- **What you need to do**
The listing below must be returned in full and unchanged, without the images it carries.

- **The input**
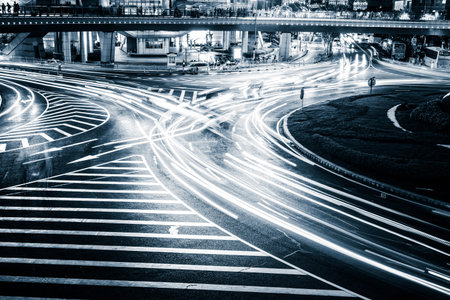 the light trails on the modern building background in shanghai china.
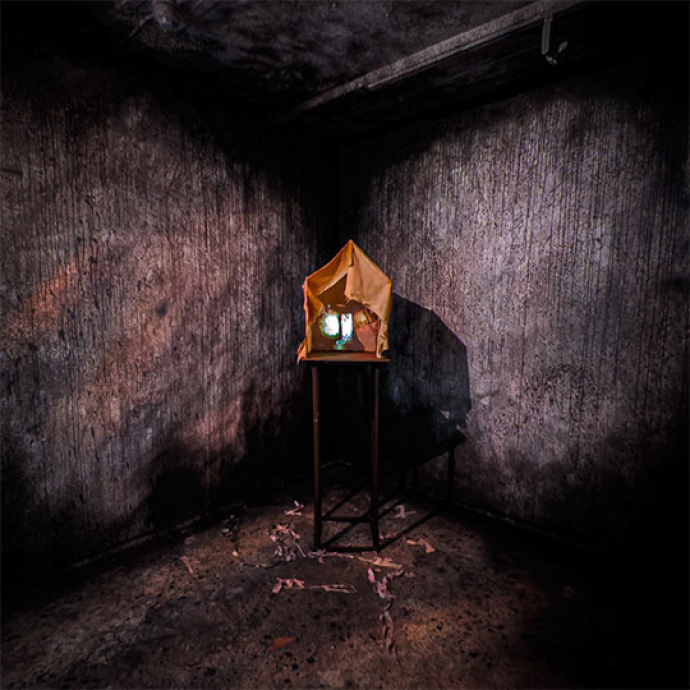 Dark gloomy walls with a small house 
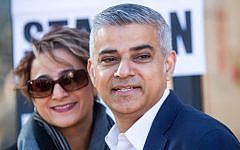 Sadiq Khan, the victorious Labour Party candidate for London mayor, and his wife Saadiya Khan, pose for photographers after voting in the elections on Thursday, May 5, 2016. (Simon Dawson/Bloomberg, via JTA)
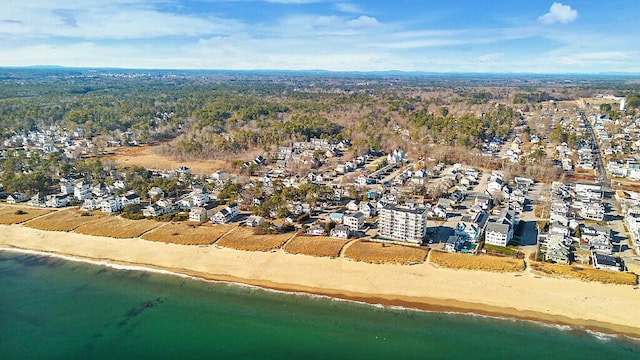 aerial view with a water view and a beach view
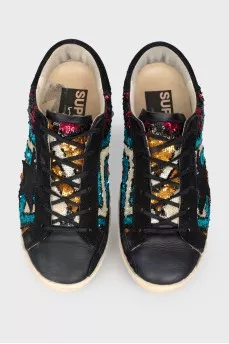 Leather sneakers with rhinestones on lacing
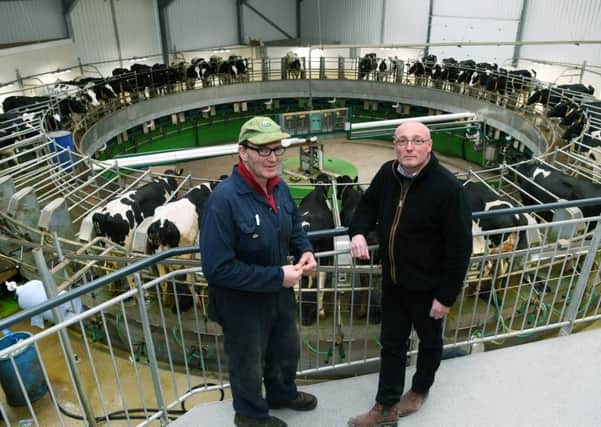 Electrical contractor Steven Dresser, who works specifically with farmers on all types of electrical work for farm buildings and new innovations. Pictured with dairy farmer John Banks, where Steven helped install in rotary milking parlour. Pictures by Jonathan Gawthorpe.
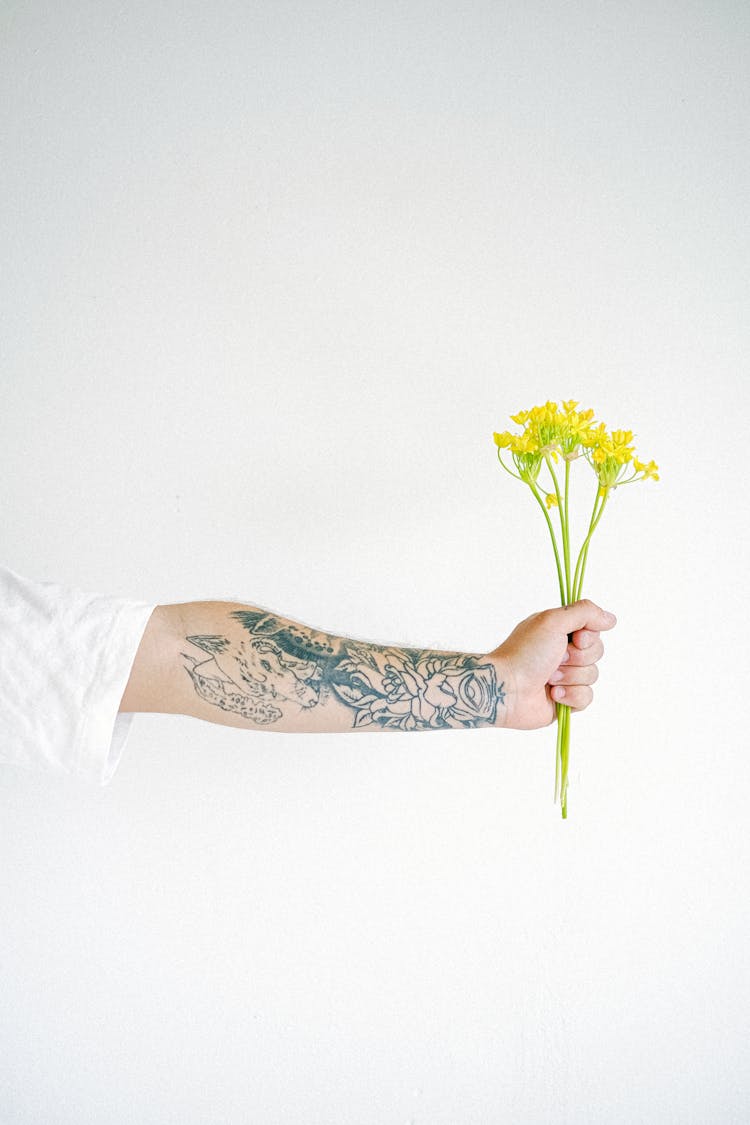 Crop Man With Flower In Hand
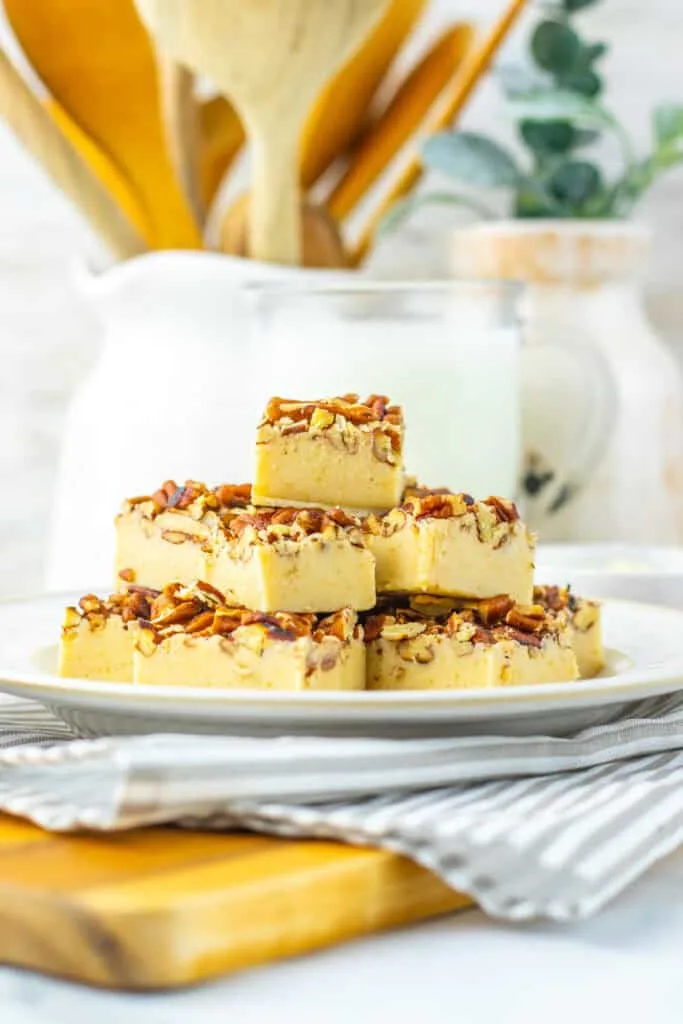 pecan pie fudge topped with chopped nuts on a white plate for dessert.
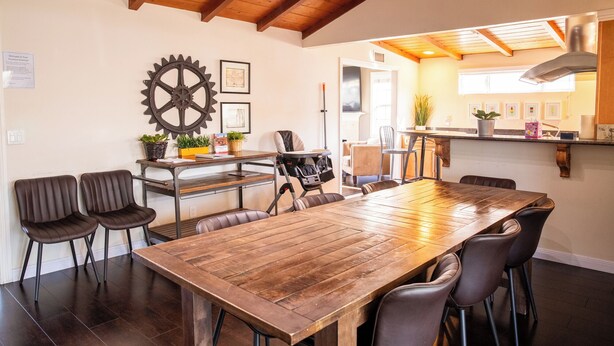 Un espace repas avec une table et des chaises en bois, un plafond haut avec des poutres apparentes, et une cuisine visible à travers une porte ouverte.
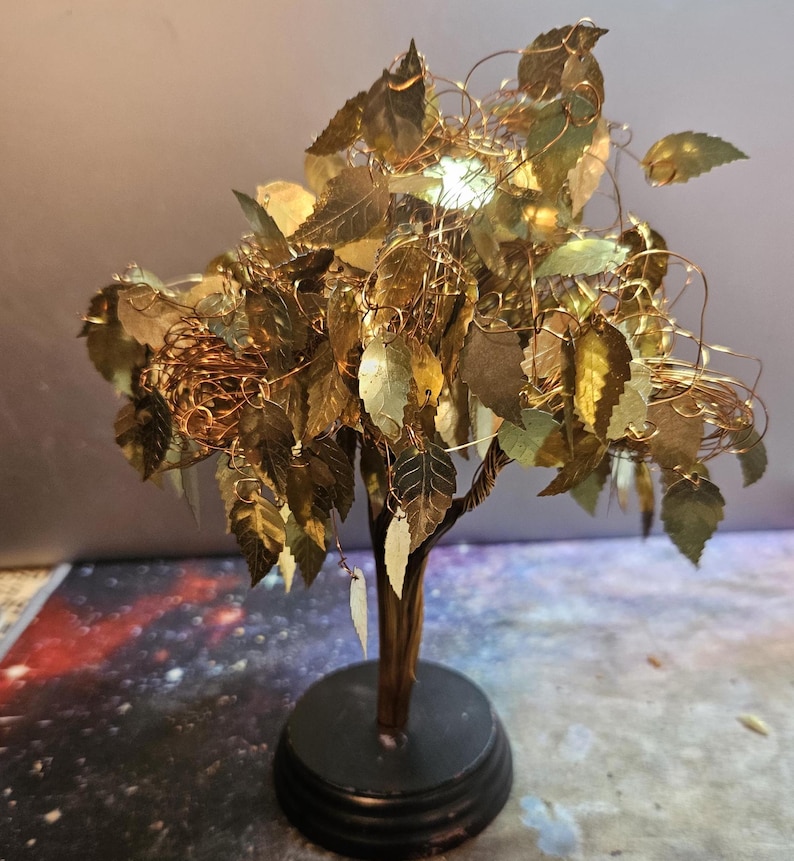 May include: A gold wire tree sculpture with a black base. The tree has many gold leaves and is decorated with gold wire.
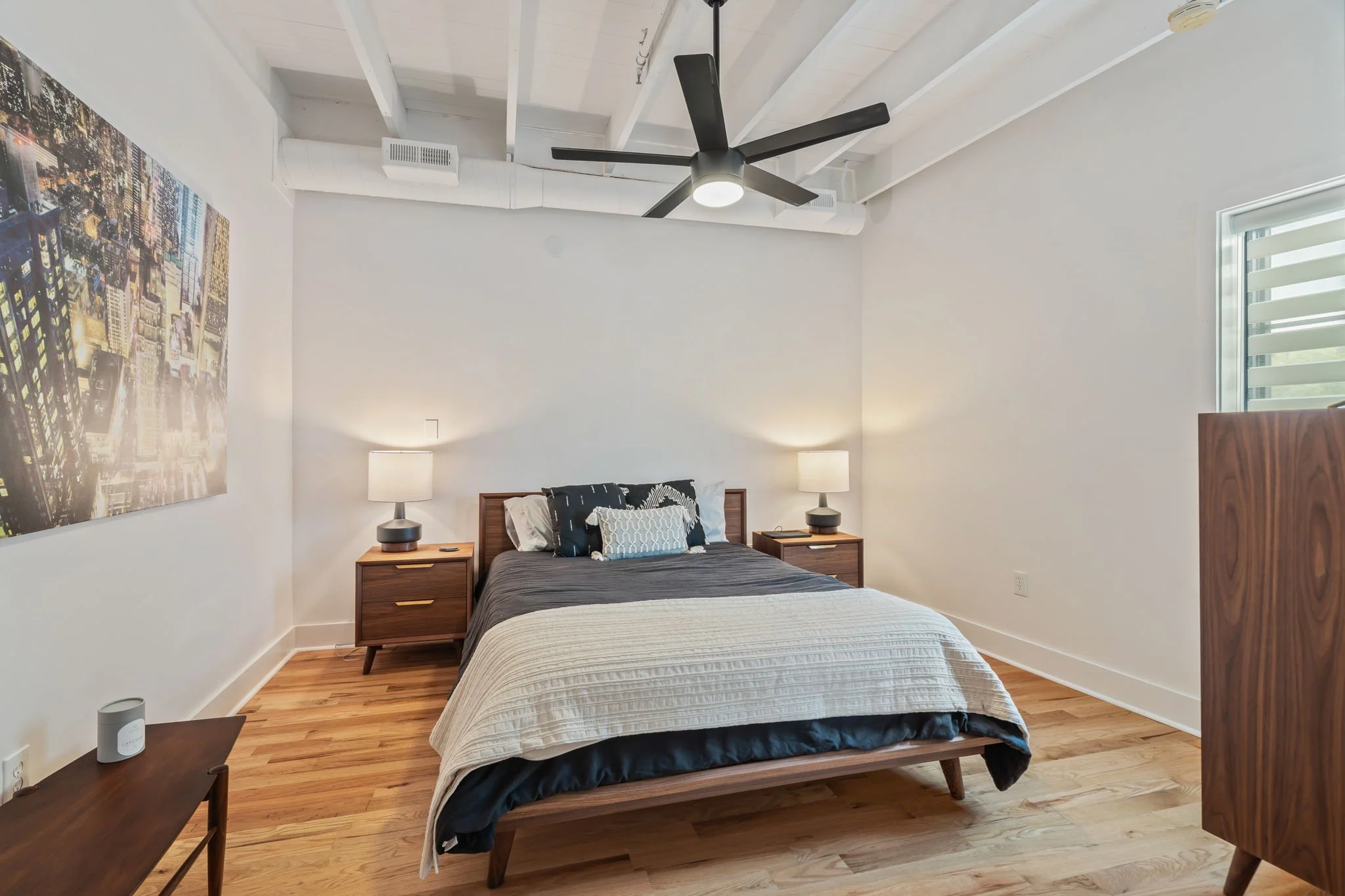Modern bedroom with a wooden bed frame, dark gray bedding, and multiple pillows, flanked by wooden nightstands with lamps, a ceiling fan, and a cityscape artwork on the wall.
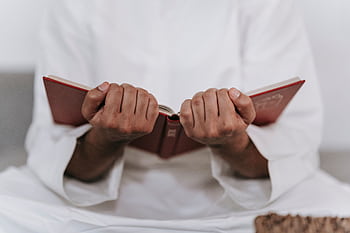 A man in traditional Islamic attire holds a Quran in a focused prayer session indoors. HD wallpaper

- **Solution**
 the light trails on the modern building background in shanghai china.
 Dark gloomy walls with a small house 
 Sadiq Khan, the victorious Labour Party candidate for London mayor, and his wife Saadiya Khan, pose for photographers after voting in the elections on Thursday, May 5, 2016. (Simon Dawson/Bloomberg, via JTA)
 aerial view with a water view and a beach view
 Leather sneakers with rhinestones on lacing
 Electrical contractor Steven Dresser, who works specifically with farmers on all types of electrical work for farm buildings and new innovations. Pictured with dairy farmer John Banks, where Steven helped install in rotary milking parlour. Pictures by Jonathan Gawthorpe.
 Crop Man With Flower In Hand
 pecan pie fudge topped with chopped nuts on a white plate for dessert.
 Un espace repas avec une table et des chaises en bois, un plafond haut avec des poutres apparentes, et une cuisine visible à travers une porte ouverte.
 May include: A gold wire tree sculpture with a black base. The tree has many gold leaves and is decorated with gold wire.
Modern bedroom with a wooden bed frame, dark gray bedding, and multiple pillows, flanked by wooden nightstands with lamps, a ceiling fan, and a cityscape artwork on the wall.
 A man in traditional Islamic attire holds a Quran in a focused prayer session indoors. HD wallpaper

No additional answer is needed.